● Work to complete
The records that follow must be repeated verbatim, every one of them.

··········

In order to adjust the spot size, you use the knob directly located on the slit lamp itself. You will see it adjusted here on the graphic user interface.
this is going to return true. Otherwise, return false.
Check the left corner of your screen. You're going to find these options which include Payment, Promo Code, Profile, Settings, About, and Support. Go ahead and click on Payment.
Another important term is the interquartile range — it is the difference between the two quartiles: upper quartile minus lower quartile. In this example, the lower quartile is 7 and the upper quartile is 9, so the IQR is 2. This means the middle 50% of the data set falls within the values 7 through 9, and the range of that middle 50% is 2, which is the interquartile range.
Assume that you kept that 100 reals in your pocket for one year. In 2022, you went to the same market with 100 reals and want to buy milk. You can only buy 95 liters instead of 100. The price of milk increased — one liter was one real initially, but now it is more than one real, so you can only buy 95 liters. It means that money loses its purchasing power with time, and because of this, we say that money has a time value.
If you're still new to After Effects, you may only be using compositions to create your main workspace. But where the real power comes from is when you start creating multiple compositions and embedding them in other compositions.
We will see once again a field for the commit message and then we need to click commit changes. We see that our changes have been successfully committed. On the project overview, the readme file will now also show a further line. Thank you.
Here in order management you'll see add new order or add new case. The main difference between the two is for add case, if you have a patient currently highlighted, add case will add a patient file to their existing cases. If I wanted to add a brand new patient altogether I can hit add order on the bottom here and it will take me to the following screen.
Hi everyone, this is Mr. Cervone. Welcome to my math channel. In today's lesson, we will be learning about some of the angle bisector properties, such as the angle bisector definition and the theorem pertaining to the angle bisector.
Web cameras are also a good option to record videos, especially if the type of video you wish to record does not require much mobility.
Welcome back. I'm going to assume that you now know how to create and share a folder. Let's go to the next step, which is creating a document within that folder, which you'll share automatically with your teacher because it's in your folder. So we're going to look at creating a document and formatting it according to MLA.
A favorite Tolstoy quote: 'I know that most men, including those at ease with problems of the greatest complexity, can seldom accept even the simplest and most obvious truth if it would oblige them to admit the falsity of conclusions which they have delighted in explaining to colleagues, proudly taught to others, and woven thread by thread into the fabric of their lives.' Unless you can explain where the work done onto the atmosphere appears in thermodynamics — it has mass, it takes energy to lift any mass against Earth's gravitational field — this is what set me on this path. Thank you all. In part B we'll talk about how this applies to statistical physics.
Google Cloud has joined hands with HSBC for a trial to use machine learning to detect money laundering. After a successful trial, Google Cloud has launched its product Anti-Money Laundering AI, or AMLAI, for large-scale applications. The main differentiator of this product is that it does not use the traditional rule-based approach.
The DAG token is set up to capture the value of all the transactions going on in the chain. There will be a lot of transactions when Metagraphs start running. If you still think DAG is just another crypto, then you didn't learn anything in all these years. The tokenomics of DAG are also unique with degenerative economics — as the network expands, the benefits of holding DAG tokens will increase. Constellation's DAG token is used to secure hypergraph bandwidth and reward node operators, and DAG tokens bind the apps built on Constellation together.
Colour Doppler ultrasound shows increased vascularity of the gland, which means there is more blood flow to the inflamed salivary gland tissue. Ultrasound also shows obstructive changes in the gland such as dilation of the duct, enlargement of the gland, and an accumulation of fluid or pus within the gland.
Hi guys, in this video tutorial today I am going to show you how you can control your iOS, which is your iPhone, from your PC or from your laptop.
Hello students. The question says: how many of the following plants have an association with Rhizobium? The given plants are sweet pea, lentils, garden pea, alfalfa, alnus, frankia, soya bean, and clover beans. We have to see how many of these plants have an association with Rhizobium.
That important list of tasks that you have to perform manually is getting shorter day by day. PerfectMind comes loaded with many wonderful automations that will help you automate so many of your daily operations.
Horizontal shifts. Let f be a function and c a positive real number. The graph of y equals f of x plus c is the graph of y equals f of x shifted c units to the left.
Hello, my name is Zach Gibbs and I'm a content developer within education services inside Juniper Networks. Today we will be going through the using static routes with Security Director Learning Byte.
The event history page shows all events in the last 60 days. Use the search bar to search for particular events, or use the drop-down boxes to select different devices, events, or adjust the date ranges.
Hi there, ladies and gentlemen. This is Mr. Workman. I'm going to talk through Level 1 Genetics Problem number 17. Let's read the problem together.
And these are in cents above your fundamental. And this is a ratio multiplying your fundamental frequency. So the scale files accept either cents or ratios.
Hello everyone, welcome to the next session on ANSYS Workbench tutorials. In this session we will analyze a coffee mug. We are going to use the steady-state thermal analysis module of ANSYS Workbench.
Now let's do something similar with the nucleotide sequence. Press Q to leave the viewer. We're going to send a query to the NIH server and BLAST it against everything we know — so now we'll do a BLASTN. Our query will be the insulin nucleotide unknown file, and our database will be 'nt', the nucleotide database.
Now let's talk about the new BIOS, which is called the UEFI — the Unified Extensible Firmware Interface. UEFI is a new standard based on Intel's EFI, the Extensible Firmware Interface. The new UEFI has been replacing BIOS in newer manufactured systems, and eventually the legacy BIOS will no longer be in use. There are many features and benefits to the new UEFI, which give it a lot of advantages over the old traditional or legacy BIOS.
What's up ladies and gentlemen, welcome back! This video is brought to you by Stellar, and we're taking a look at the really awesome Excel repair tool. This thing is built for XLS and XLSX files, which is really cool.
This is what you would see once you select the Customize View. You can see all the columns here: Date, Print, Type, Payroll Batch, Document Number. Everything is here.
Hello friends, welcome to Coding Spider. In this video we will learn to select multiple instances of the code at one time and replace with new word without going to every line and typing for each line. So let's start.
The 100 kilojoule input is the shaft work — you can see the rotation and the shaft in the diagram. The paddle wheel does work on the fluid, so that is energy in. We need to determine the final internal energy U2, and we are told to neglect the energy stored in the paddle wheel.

··········

● Result for this task
In order to adjust the spot size, you use the knob directly located on the slit lamp itself. You will see it adjusted here on the graphic user interface.
this is going to return true. Otherwise, return false.
Check the left corner of your screen. You're going to find these options which include Payment, Promo Code, Profile, Settings, About, and Support. Go ahead and click on Payment.
Another important term is the interquartile range — it is the difference between the two quartiles: upper quartile minus lower quartile. In this example, the lower quartile is 7 and the upper quartile is 9, so the IQR is 2. This means the middle 50% of the data set falls within the values 7 through 9, and the range of that middle 50% is 2, which is the interquartile range.
Assume that you kept that 100 reals in your pocket for one year. In 2022, you went to the same market with 100 reals and want to buy milk. You can only buy 95 liters instead of 100. The price of milk increased — one liter was one real initially, but now it is more than one real, so you can only buy 95 liters. It means that money loses its purchasing power with time, and because of this, we say that money has a time value.
If you're still new to After Effects, you may only be using compositions to create your main workspace. But where the real power comes from is when you start creating multiple compositions and embedding them in other compositions.
We will see once again a field for the commit message and then we need to click commit changes. We see that our changes have been successfully committed. On the project overview, the readme file will now also show a further line. Thank you.
Here in order management you'll see add new order or add new case. The main difference between the two is for add case, if you have a patient currently highlighted, add case will add a patient file to their existing cases. If I wanted to add a brand new patient altogether I can hit add order on the bottom here and it will take me to the following screen.
Hi everyone, this is Mr. Cervone. Welcome to my math channel. In today's lesson, we will be learning about some of the angle bisector properties, such as the angle bisector definition and the theorem pertaining to the angle bisector.
Web cameras are also a good option to record videos, especially if the type of video you wish to record does not require much mobility.
Welcome back. I'm going to assume that you now know how to create and share a folder. Let's go to the next step, which is creating a document within that folder, which you'll share automatically with your teacher because it's in your folder. So we're going to look at creating a document and formatting it according to MLA.
A favorite Tolstoy quote: 'I know that most men, including those at ease with problems of the greatest complexity, can seldom accept even the simplest and most obvious truth if it would oblige them to admit the falsity of conclusions which they have delighted in explaining to colleagues, proudly taught to others, and woven thread by thread into the fabric of their lives.' Unless you can explain where the work done onto the atmosphere appears in thermodynamics — it has mass, it takes energy to lift any mass against Earth's gravitational field — this is what set me on this path. Thank you all. In part B we'll talk about how this applies to statistical physics.
Google Cloud has joined hands with HSBC for a trial to use machine learning to detect money laundering. After a successful trial, Google Cloud has launched its product Anti-Money Laundering AI, or AMLAI, for large-scale applications. The main differentiator of this product is that it does not use the traditional rule-based approach.
The DAG token is set up to capture the value of all the transactions going on in the chain. There will be a lot of transactions when Metagraphs start running. If you still think DAG is just another crypto, then you didn't learn anything in all these years. The tokenomics of DAG are also unique with degenerative economics — as the network expands, the benefits of holding DAG tokens will increase. Constellation's DAG token is used to secure hypergraph bandwidth and reward node operators, and DAG tokens bind the apps built on Constellation together.
Colour Doppler ultrasound shows increased vascularity of the gland, which means there is more blood flow to the inflamed salivary gland tissue. Ultrasound also shows obstructive changes in the gland such as dilation of the duct, enlargement of the gland, and an accumulation of fluid or pus within the gland.
Hi guys, in this video tutorial today I am going to show you how you can control your iOS, which is your iPhone, from your PC or from your laptop.
Hello students. The question says: how many of the following plants have an association with Rhizobium? The given plants are sweet pea, lentils, garden pea, alfalfa, alnus, frankia, soya bean, and clover beans. We have to see how many of these plants have an association with Rhizobium.
That important list of tasks that you have to perform manually is getting shorter day by day. PerfectMind comes loaded with many wonderful automations that will help you automate so many of your daily operations.
Horizontal shifts. Let f be a function and c a positive real number. The graph of y equals f of x plus c is the graph of y equals f of x shifted c units to the left.
Hello, my name is Zach Gibbs and I'm a content developer within education services inside Juniper Networks. Today we will be going through the using static routes with Security Director Learning Byte.
The event history page shows all events in the last 60 days. Use the search bar to search for particular events, or use the drop-down boxes to select different devices, events, or adjust the date ranges.
Hi there, ladies and gentlemen. This is Mr. Workman. I'm going to talk through Level 1 Genetics Problem number 17. Let's read the problem together.
And these are in cents above your fundamental. And this is a ratio multiplying your fundamental frequency. So the scale files accept either cents or ratios.
Hello everyone, welcome to the next session on ANSYS Workbench tutorials. In this session we will analyze a coffee mug. We are going to use the steady-state thermal analysis module of ANSYS Workbench.
Now let's do something similar with the nucleotide sequence. Press Q to leave the viewer. We're going to send a query to the NIH server and BLAST it against everything we know — so now we'll do a BLASTN. Our query will be the insulin nucleotide unknown file, and our database will be 'nt', the nucleotide database.
Now let's talk about the new BIOS, which is called the UEFI — the Unified Extensible Firmware Interface. UEFI is a new standard based on Intel's EFI, the Extensible Firmware Interface. The new UEFI has been replacing BIOS in newer manufactured systems, and eventually the legacy BIOS will no longer be in use. There are many features and benefits to the new UEFI, which give it a lot of advantages over the old traditional or legacy BIOS.
What's up ladies and gentlemen, welcome back! This video is brought to you by Stellar, and we're taking a look at the really awesome Excel repair tool. This thing is built for XLS and XLSX files, which is really cool.
This is what you would see once you select the Customize View. You can see all the columns here: Date, Print, Type, Payroll Batch, Document Number. Everything is here.
Hello friends, welcome to Coding Spider. In this video we will learn to select multiple instances of the code at one time and replace with new word without going to every line and typing for each line. So let's start.
The 100 kilojoule input is the shaft work — you can see the rotation and the shaft in the diagram. The paddle wheel does work on the fluid, so that is energy in. We need to determine the final internal energy U2, and we are told to neglect the energy stored in the paddle wheel.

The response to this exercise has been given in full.